◆ **Exercise requirements**
Retype the listing below line for line, but only from the line with "Neighborhood Pond" down to the line with "Shana | PetCurious", inclusive. Pictures stay out.

◆ **Source information**

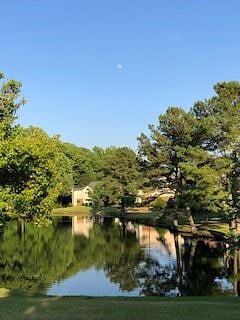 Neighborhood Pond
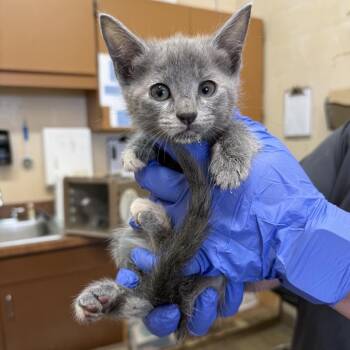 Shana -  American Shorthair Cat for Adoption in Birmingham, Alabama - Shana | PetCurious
--
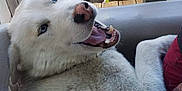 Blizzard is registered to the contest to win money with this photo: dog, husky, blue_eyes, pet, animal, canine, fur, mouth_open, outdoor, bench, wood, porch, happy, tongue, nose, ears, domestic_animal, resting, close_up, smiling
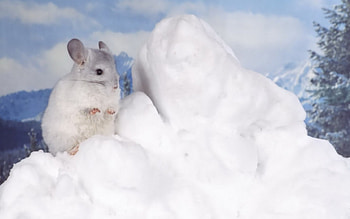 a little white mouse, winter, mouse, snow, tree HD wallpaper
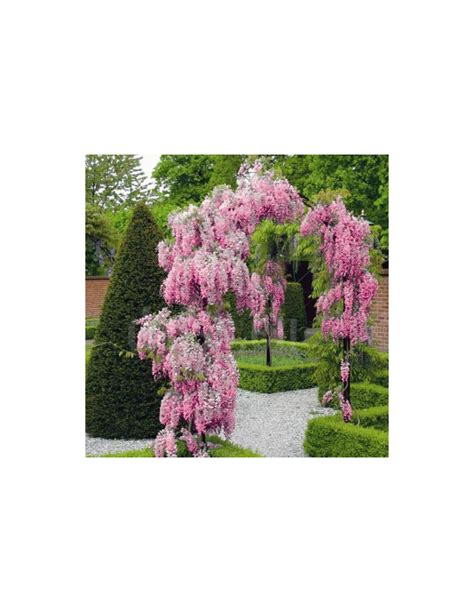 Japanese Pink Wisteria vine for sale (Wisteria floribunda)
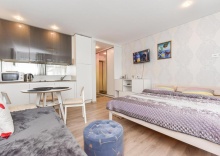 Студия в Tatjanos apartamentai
--
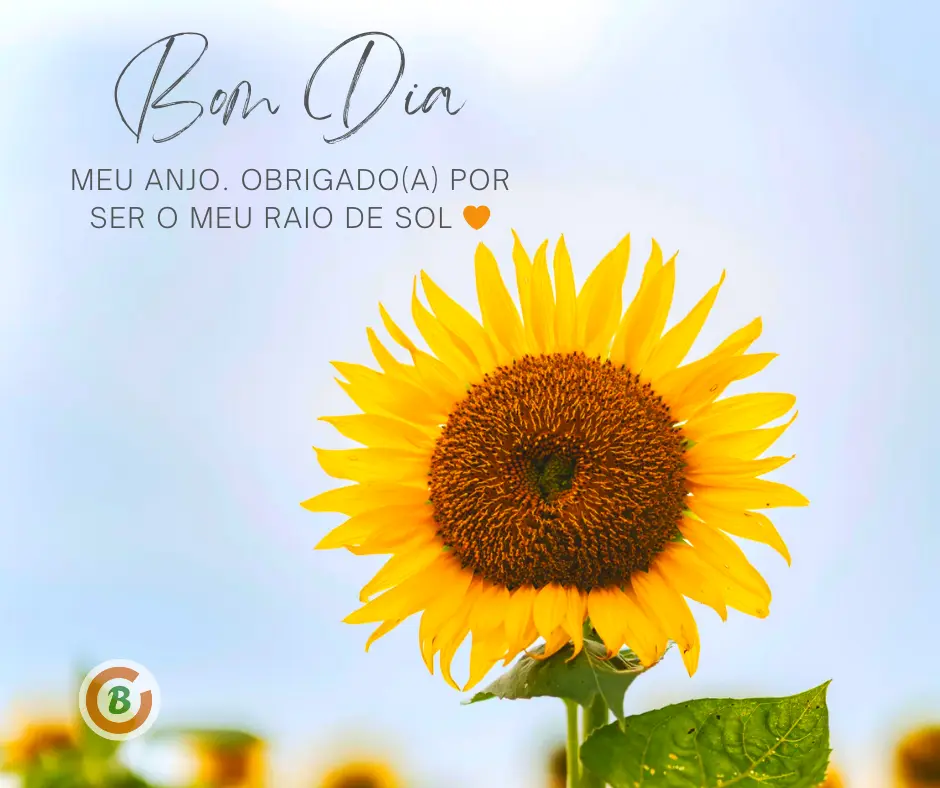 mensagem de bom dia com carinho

◆ **Exercise answer**
 Neighborhood Pond
 Shana -  American Shorthair Cat for Adoption in Birmingham, Alabama - Shana | PetCurious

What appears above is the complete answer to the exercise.